(Provided information Opens)

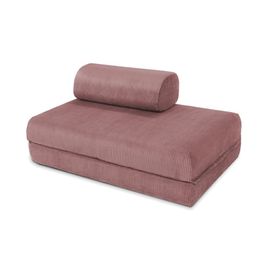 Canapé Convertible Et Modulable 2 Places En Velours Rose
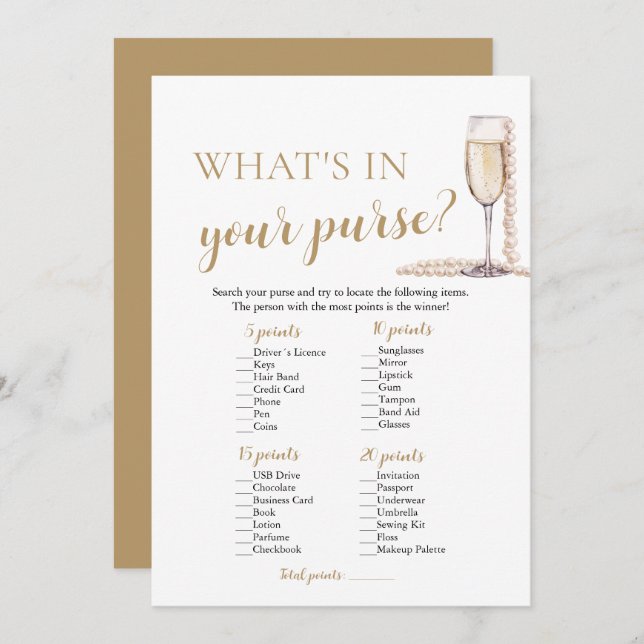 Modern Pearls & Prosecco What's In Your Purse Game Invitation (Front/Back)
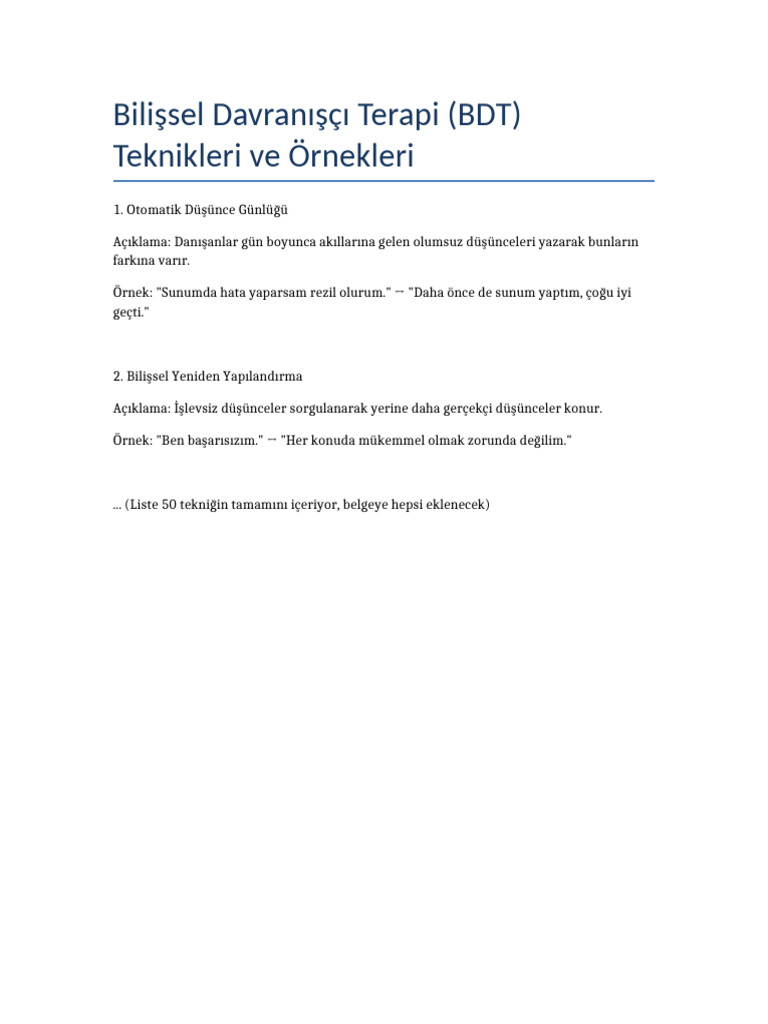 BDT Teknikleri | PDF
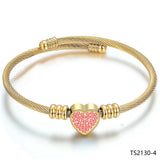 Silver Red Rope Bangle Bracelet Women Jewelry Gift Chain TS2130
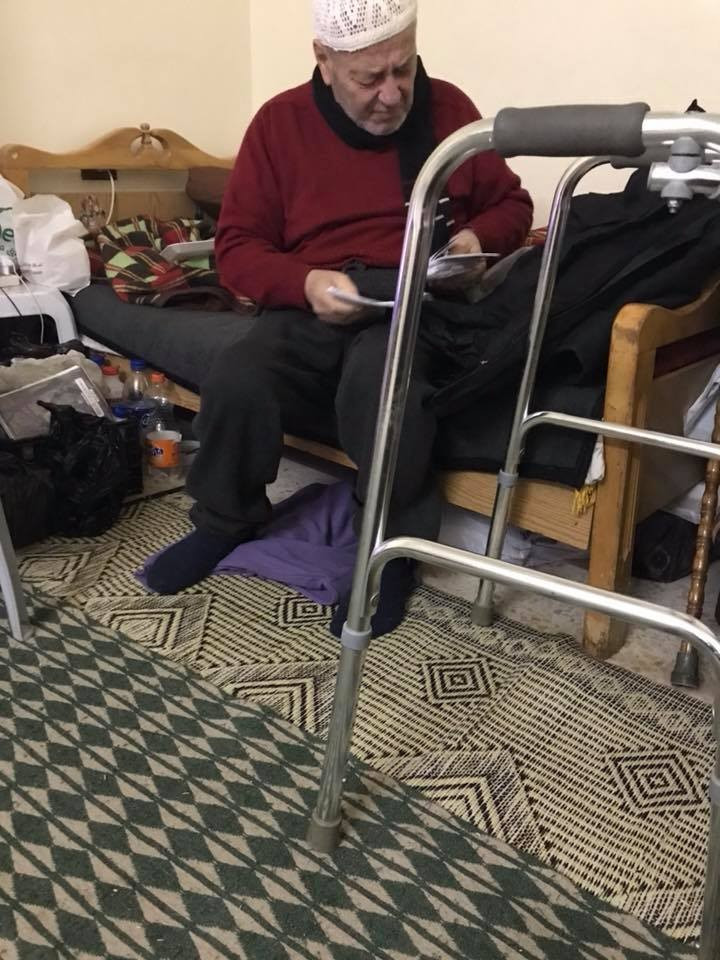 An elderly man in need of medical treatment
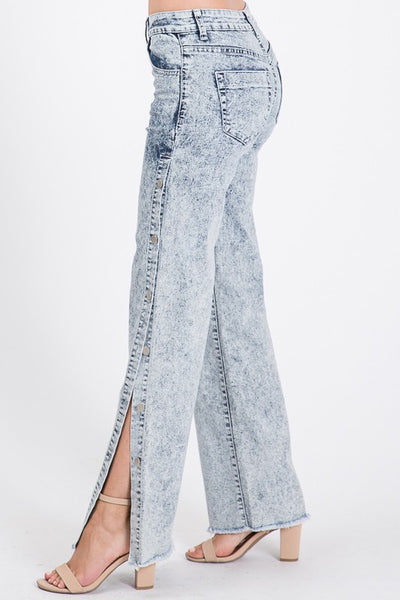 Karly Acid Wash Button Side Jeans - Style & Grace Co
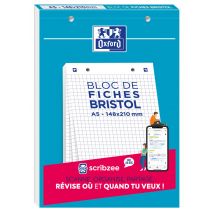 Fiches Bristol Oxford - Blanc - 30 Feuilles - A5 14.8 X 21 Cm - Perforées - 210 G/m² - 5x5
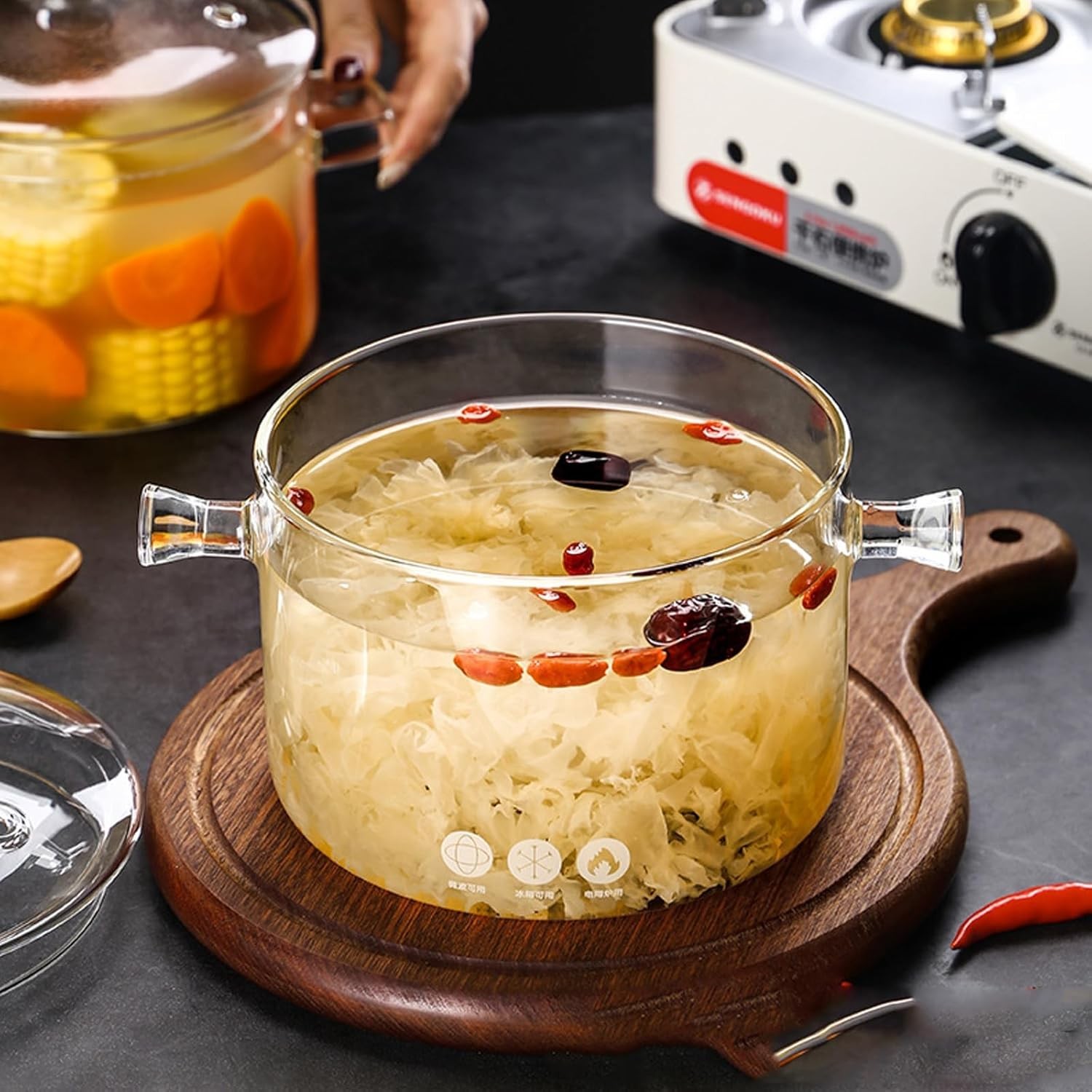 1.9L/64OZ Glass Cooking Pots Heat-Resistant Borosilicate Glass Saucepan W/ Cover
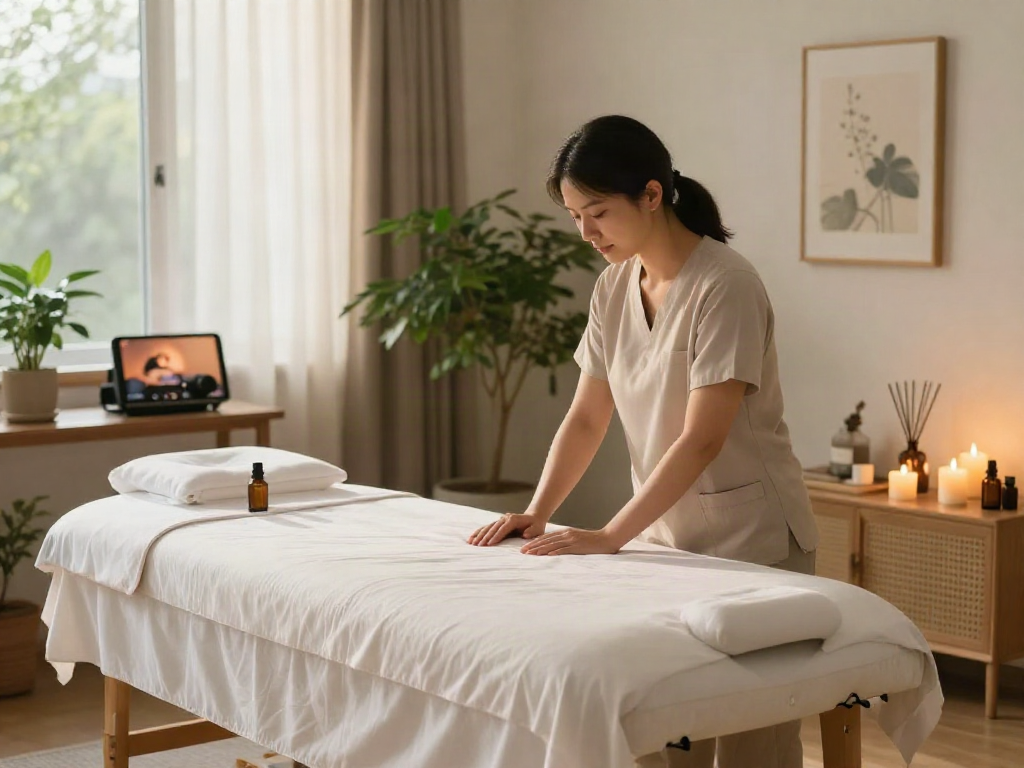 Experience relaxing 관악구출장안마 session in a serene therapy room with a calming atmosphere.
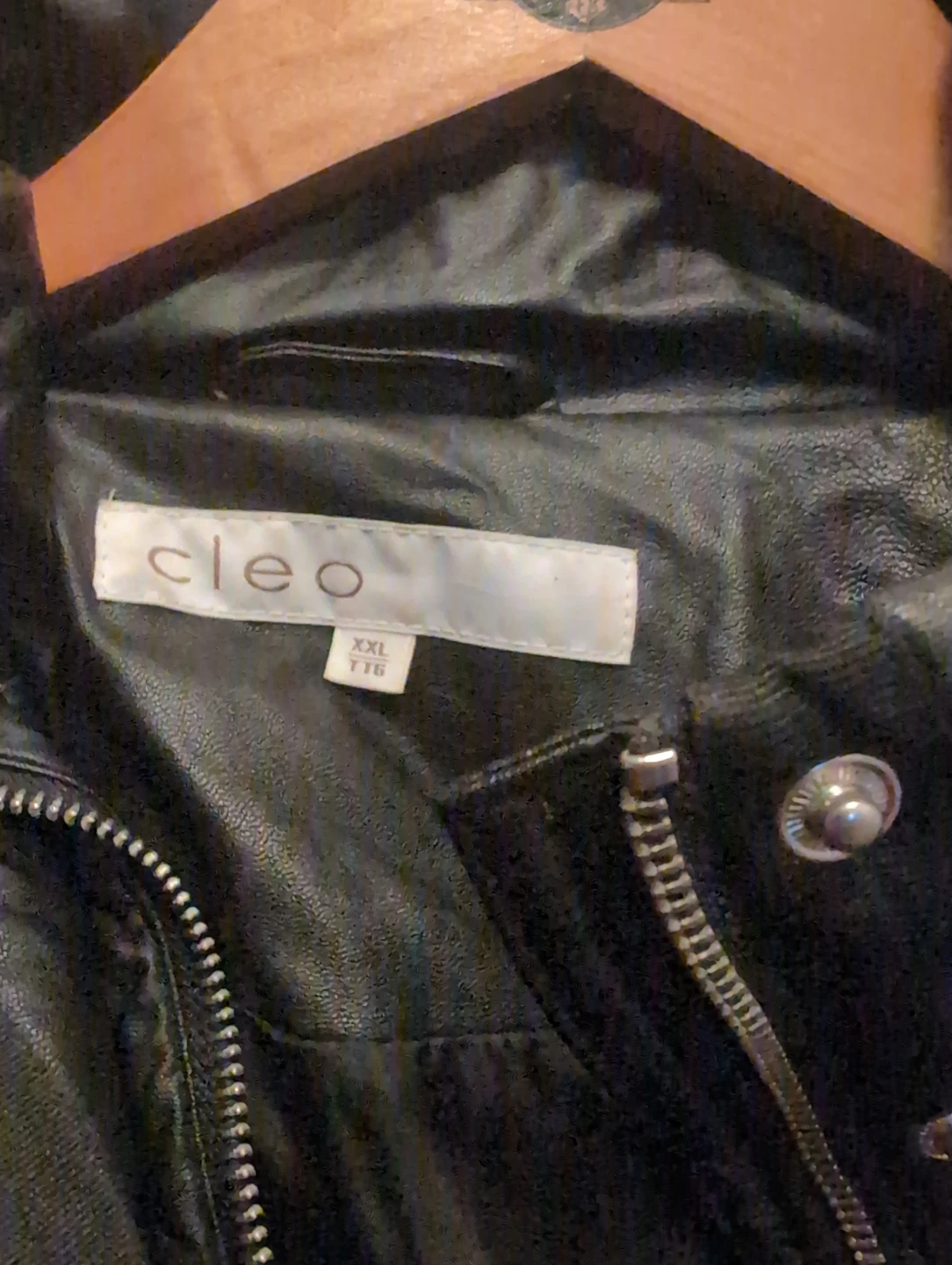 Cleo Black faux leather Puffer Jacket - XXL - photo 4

(Provided information Closes)

**Instructions for the task**
Only one stretch of the listing above is to be duplicated: the lines from the one containing "BDT Teknikleri | PDF" through the one containing "Fiches Bristol Oxford", both included. Copy them exactly, minus the pictures.

**Reply to the exercise**
 BDT Teknikleri | PDF
 Silver Red Rope Bangle Bracelet Women Jewelry Gift Chain TS2130
 An elderly man in need of medical treatment
 Karly Acid Wash Button Side Jeans - Style & Grace Co
 Fiches Bristol Oxford - Blanc - 30 Feuilles - A5 14.8 X 21 Cm - Perforées - 210 G/m² - 5x5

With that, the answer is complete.